1. I will let go of trying to preserve my image and instead preserve myself... POETRY

2. obligation, abandoned, rebellious, reason, courage, release, benevolent, cosmos.

3. your photography screams with the voice of vocation.

4. i'll meet you in italy and finish the tour with you until we return to the states. then i'll pick back up with you in chile.

5. i recall some pact detailing the first to receive a check for over $10,000 was to do something... can't remember. let's reassign it to buying 2 first class tickets to one of these locations.

6. yes, to the convict, but she was the benefactor of her niece (?).

7. if they haven't yet read Great Expectations, they deserve to have it spoiled for them.

Dutch said...

"deserve to have it spoiled for them?"

snob

jordan- i saw a rick steves once on spain and i totally knew it was a place for me - you are right! the food, the people, the wine, the cathedrals, the gorgeous men. sign me up.

jmg-
1. eyes welling. thank you.
2. how is it that everything i feel is accepted and loved by you? you are a feat of openness with an embrace as expansive and breathtaking as our california sunsets.
3. screams...how to answer?
4. it's a deal. but you cannot speak spanish to the waiters and embarrass the latin socks off me.
5. it's SO like you to forget. :) it was shoes, remember? you are willing to forgo your first pradas for such a plane ride? fuck that, we NEED the pradas for the plane ride.
6. she was indeed the caretaker/benefactor of estella.
7. did you actually read it or are you pulling this when pip looked an awful lot like ethan hawke?

bmw-
you crack me up. you have totally read it and yet you still side on the "look how snobby you are" side. EMBRACE you inner snob. Everyone's doing it.

Unknown said...

sir wigand-i felt nothing but admiration and praise from that pronouncement-which is, i am sure, how it was intended.
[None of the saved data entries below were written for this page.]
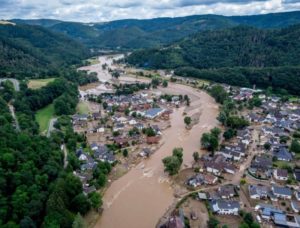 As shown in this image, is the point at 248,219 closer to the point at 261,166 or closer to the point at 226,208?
the point at 226,208

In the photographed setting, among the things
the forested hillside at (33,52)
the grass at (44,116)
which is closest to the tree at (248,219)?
the grass at (44,116)

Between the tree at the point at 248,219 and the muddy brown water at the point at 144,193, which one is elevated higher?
the tree at the point at 248,219

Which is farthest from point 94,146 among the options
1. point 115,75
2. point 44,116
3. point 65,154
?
point 115,75

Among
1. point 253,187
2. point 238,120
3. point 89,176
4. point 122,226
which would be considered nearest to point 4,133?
point 89,176

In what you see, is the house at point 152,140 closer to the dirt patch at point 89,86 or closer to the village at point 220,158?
the village at point 220,158

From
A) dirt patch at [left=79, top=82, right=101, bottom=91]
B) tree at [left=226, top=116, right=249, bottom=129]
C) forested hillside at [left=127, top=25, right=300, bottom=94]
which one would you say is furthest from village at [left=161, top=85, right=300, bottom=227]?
dirt patch at [left=79, top=82, right=101, bottom=91]

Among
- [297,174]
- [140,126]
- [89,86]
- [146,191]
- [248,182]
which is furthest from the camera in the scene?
[89,86]
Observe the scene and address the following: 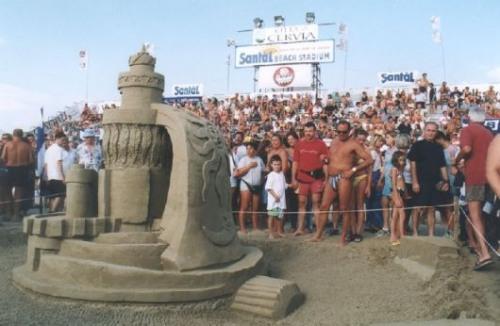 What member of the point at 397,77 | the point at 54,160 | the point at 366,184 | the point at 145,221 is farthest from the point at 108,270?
the point at 397,77

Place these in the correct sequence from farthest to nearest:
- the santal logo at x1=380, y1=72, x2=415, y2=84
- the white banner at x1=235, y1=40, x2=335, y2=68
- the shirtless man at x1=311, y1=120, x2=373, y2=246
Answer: the white banner at x1=235, y1=40, x2=335, y2=68, the santal logo at x1=380, y1=72, x2=415, y2=84, the shirtless man at x1=311, y1=120, x2=373, y2=246

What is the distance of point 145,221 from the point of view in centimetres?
689

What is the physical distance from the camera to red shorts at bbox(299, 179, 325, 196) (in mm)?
9102

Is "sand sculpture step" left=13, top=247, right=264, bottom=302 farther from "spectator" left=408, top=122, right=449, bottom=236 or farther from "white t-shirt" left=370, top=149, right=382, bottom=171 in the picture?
"white t-shirt" left=370, top=149, right=382, bottom=171

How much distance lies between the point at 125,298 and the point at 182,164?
169 cm

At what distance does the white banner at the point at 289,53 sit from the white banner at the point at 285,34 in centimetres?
41

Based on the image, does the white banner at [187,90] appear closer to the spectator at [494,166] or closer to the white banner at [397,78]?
the white banner at [397,78]

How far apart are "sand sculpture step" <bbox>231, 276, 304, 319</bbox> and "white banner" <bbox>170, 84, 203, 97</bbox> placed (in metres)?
28.5

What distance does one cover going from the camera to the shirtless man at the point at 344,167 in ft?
27.5

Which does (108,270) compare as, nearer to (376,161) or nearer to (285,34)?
(376,161)

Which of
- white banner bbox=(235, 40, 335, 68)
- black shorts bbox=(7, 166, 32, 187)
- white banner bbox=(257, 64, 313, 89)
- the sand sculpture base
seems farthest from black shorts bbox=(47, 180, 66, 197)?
white banner bbox=(235, 40, 335, 68)

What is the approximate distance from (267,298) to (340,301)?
1040 millimetres

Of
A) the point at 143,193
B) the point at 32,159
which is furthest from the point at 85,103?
the point at 143,193

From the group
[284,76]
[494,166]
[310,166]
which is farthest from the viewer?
[284,76] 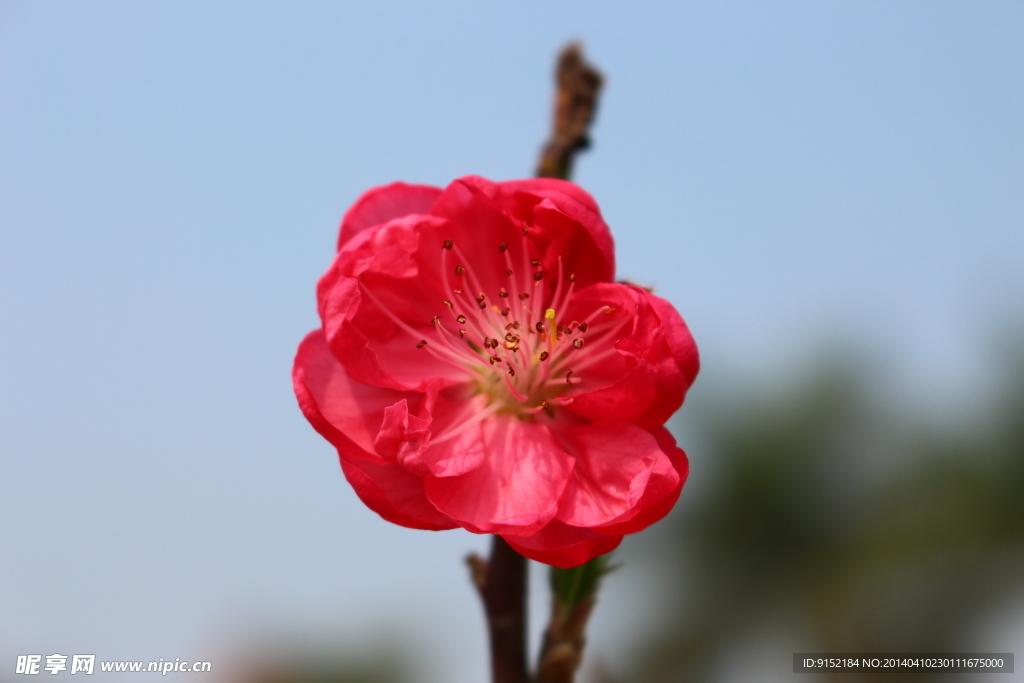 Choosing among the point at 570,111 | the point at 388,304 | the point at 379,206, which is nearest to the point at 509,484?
the point at 388,304

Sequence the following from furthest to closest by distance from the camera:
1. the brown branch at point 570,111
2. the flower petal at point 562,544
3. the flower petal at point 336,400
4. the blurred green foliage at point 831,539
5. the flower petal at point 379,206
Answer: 1. the blurred green foliage at point 831,539
2. the brown branch at point 570,111
3. the flower petal at point 379,206
4. the flower petal at point 336,400
5. the flower petal at point 562,544

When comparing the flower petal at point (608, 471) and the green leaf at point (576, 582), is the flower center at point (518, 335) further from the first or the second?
the green leaf at point (576, 582)

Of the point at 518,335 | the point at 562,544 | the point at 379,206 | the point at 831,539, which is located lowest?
the point at 831,539

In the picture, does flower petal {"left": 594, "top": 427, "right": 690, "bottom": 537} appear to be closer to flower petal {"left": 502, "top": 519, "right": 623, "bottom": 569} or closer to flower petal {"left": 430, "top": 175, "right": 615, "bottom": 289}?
flower petal {"left": 502, "top": 519, "right": 623, "bottom": 569}

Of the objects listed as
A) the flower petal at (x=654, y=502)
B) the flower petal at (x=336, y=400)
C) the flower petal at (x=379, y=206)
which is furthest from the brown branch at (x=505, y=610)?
the flower petal at (x=379, y=206)

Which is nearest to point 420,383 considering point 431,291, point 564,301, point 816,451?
point 431,291

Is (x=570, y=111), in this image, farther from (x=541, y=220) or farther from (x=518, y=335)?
(x=518, y=335)

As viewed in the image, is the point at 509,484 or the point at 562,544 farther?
the point at 509,484

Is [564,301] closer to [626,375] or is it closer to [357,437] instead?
[626,375] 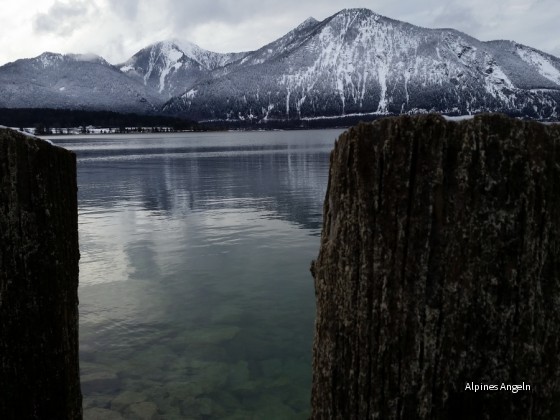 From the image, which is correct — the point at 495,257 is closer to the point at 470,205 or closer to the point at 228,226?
the point at 470,205

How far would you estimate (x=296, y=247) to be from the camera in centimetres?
1733

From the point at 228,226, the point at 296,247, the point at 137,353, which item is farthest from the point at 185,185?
the point at 137,353

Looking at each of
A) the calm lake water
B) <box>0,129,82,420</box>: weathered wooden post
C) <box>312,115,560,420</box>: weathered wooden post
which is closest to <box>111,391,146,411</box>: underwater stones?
the calm lake water

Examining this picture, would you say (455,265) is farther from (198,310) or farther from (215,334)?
(198,310)

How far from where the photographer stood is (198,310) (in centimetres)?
1160

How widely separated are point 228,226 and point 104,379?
13.3 meters

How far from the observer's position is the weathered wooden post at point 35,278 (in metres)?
2.89

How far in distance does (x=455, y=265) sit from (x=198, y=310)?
1007 centimetres

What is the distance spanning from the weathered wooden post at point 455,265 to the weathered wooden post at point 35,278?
1.93m

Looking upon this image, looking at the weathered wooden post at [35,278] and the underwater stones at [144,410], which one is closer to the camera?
the weathered wooden post at [35,278]

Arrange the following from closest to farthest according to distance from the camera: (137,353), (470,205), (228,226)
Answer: (470,205) < (137,353) < (228,226)

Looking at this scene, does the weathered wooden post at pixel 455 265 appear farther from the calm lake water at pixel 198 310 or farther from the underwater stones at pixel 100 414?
the underwater stones at pixel 100 414

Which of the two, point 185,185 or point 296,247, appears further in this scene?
point 185,185

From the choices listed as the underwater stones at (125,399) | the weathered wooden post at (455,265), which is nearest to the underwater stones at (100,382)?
the underwater stones at (125,399) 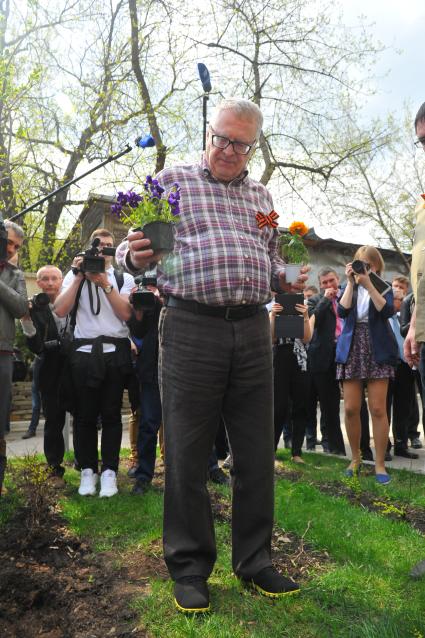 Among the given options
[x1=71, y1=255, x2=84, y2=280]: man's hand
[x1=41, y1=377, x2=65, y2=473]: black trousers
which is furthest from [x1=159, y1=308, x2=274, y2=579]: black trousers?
[x1=41, y1=377, x2=65, y2=473]: black trousers

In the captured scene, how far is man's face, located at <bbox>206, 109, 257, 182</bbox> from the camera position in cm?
279

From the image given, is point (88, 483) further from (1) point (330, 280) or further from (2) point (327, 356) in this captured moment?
(1) point (330, 280)

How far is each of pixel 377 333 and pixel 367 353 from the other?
0.22 meters

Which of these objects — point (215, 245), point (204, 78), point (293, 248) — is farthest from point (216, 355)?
point (204, 78)

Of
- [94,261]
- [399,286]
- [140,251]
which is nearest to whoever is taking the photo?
[140,251]

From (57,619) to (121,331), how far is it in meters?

mme-it's simple, you perpetually awe me. of course the pradas! they must indeed precede our flight. as to your last...i shall not endeavor to defend my literary achievements ;)

emilyclare said...

Miss Hav,
(I admit, doesn't quite have the same ring to it - but funnily enough Dickens based her on a Sydney woman - that's right! Miss Eliza Donnothorne). I admire how you so freely and openly admit your thoughts and fears and worries - it takes a lot to actually acknowledge what we feel, and I guess the letting go comes after that. You do inspire me, so much. And Your future excursions are absolutely delicious, and I admit I would want to do a great many of them... but it looks like this year I'll be off to Israel for a week-long conference, and at the very very end of the yearoff to the UK for some work and then to your great country, for a holiday I have dreamed of but haven't even started planning. But all I know is that I must come to Seattle.

Leiflet said...

Oof. i appreciate the very nice thought, but god help us if we are settled down in cincinnati three years from now.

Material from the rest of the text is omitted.